▸ Your task
Please give back only the lines below from the one containing "Bệnh nhân sỏi thận có nguy cơ bị loãng xương" to the one containing "Scalp Remedy Shampoo", each repeated word for word, both ends included.

▸ Records provided
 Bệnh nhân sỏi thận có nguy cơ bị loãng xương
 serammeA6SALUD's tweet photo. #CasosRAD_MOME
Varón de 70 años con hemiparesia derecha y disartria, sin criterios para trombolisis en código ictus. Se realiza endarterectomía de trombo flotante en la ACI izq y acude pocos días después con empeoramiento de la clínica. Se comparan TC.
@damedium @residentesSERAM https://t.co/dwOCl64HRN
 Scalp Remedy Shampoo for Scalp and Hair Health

--

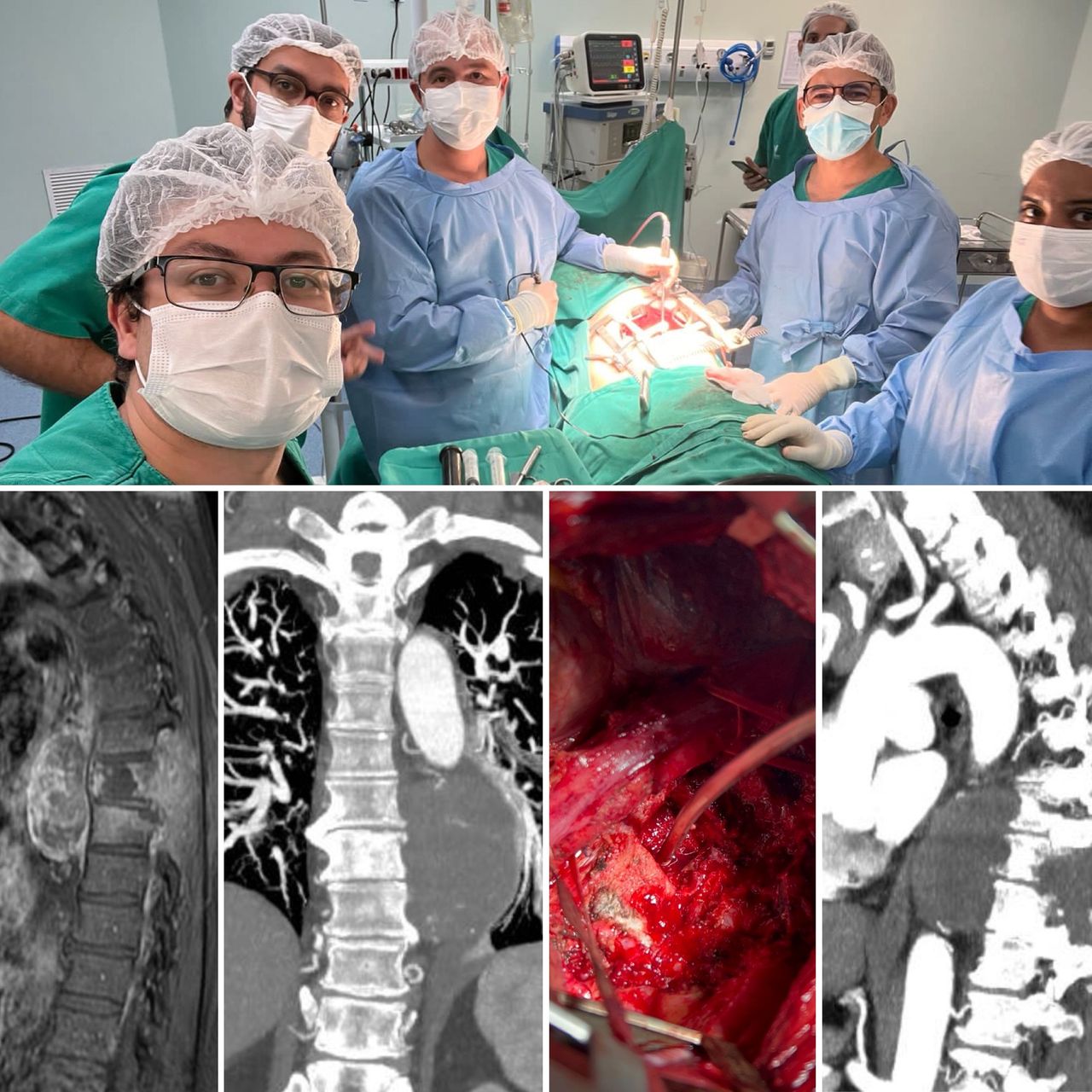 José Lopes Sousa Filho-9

▸ Answer for the task
 Bệnh nhân sỏi thận có nguy cơ bị loãng xương
 serammeA6SALUD's tweet photo. #CasosRAD_MOME
Varón de 70 años con hemiparesia derecha y disartria, sin criterios para trombolisis en código ictus. Se realiza endarterectomía de trombo flotante en la ACI izq y acude pocos días después con empeoramiento de la clínica. Se comparan TC.
@damedium @residentesSERAM https://t.co/dwOCl64HRN
 Scalp Remedy Shampoo for Scalp and Hair Health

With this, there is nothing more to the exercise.